Bitcoin has fallen below $99,000, marking a significant 5% decline in a single day. This drop places the cryptocurrency more than 20% below its recent peak of approximately $126,200 reached on October 6, officially entering a technical bear market.
Ethereum is currently trading near $3,300, having experienced a roughly 20% decrease over the past month, erasing its gains for the year. Market conditions are characterized by thin liquidity following a series of forced liquidations, and sentiment indicators suggest fragile investor confidence.
Key Drivers of the Market Downturn
Several factors are contributing to the current market pressure, each with distinct implications for Bitcoin and the broader cryptocurrency landscape.
1. ETF Outflows Have Returned
Spot Bitcoin Exchange-Traded Funds (ETFs) have transitioned from consistent net buying to net selling. Data compiled by market trackers indicates nearly $200 million in redemptions on a recent day and approximately $800 million over the past week.
This shift signifies the removal of a crucial daily source of demand that had been instrumental in supporting prices at near all-time highs.
When ETF flows turn negative, market makers are compelled to sell spot Bitcoin to meet redemption requests. This action directly contributes to increased selling pressure, particularly during periods of already weak liquidity.

2. Old Wallets Have Sent Coins to Exchanges
On-chain analysis has identified over $1.5 billion in Bitcoin moving from long-dormant wallets to major cryptocurrency exchanges, including Coinbase, Binance, and Kraken.
Significant transfers originating from older holdings can often signal an intention to sell or rebalance portfolios. Even if only a portion of these transferred coins reaches the order book, anticipation of increased supply by traders can lead to lower bid prices, widening trading spreads and exacerbating slippage.
3. The October 10 Liquidation Aftershock
The significant market event on October 10 resulted in the liquidation of approximately $20 billion in leveraged crypto positions within a single day.
Since that liquidation event, open interest has rebuilt in an uneven manner, and liquidity has thinned out around key price levels.
In such a market environment, even a modest price movement of 2% to 3% can trigger a fresh wave of margin calls, creating a cascading effect and a negative feedback loop.

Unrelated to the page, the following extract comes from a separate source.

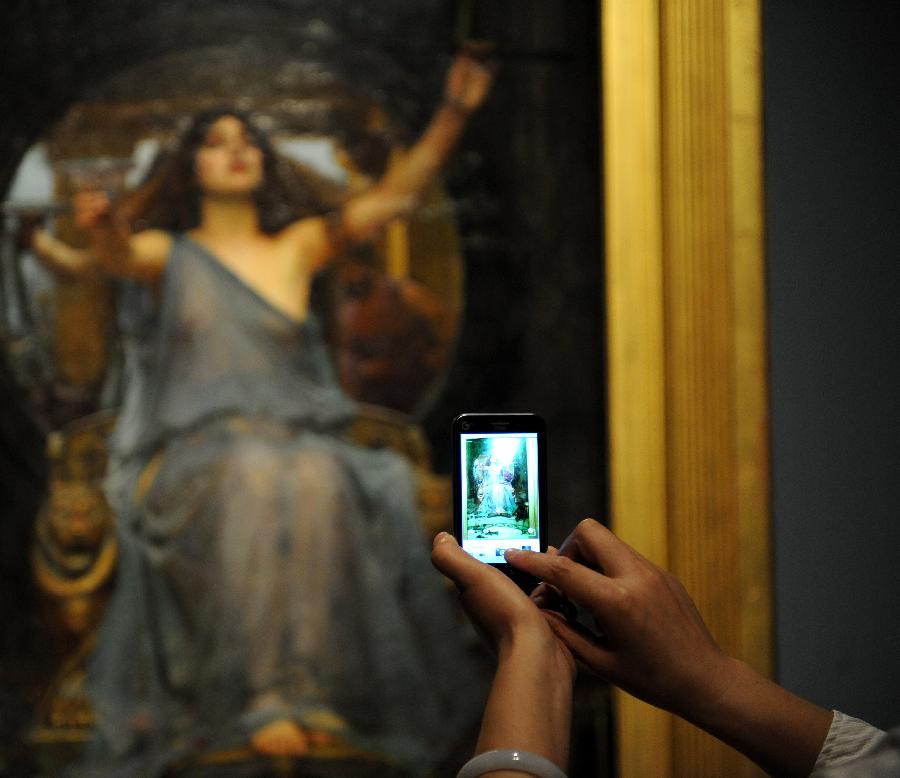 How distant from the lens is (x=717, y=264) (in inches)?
110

The recent breach of the $100,000 mark tripped stop-loss orders, pushing Bitcoin briefly below $99,000 before a slight recovery.
4. Macroeconomic Uncertainty Has Capped Dip-Buying
Market participants are currently awaiting clearer signals from the Federal Reserve's December meeting. Lingering questions persist regarding the future pace of interest rate cuts, the potential impact of a government shutdown in the United States, and ongoing trade tensions between the US and China.

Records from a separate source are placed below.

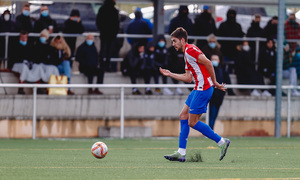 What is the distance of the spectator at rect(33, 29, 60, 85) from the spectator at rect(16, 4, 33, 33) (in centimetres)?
100

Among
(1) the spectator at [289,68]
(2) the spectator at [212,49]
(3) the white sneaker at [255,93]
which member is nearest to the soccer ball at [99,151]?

Periods of low policy visibility typically lead to risk reduction by investment funds, who tend to hold higher levels of cash. This cautious approach limits opportunistic buying during price dips and leaves the cryptocurrency market more susceptible to sudden shocks originating from derivatives and ETF flows.
5. Rotation and a Failed "Uptober"
Historically, October has often been a positive month for the cryptocurrency market. However, this year, the anticipated rally did not materialize.
Some capital rotated into the equity markets during the recent earnings season, while Bitcoin experienced a stall in its price momentum after reaching its early-month high.
With Bitcoin now down approximately 21% from its peak of $126,200 and showing a year-to-date gain of roughly 8%, several ambitious year-end price targets appear less achievable based on current momentum. This recalibration of expectations has dampened enthusiasm for buying potential breakouts and shifted the focus towards capital preservation.

What to Watch Next
Key levels of support and liquidity around $98,000 to $100,000 will be critical to monitor as the daily trading session concludes. Investors should pay close attention to spot ETF flows, the balances held on exchanges by older wallets, and the funding rates on major futures trading platforms.
Any new policy indications from Federal Reserve officials leading up to the December meeting could significantly influence risk appetite across markets. A stabilization of Ethereum near $3,300 would provide a positive signal for broader large-cap cryptocurrency sentiment, while a further decline in Bitcoin's price could necessitate additional deleveraging across the altcoin market.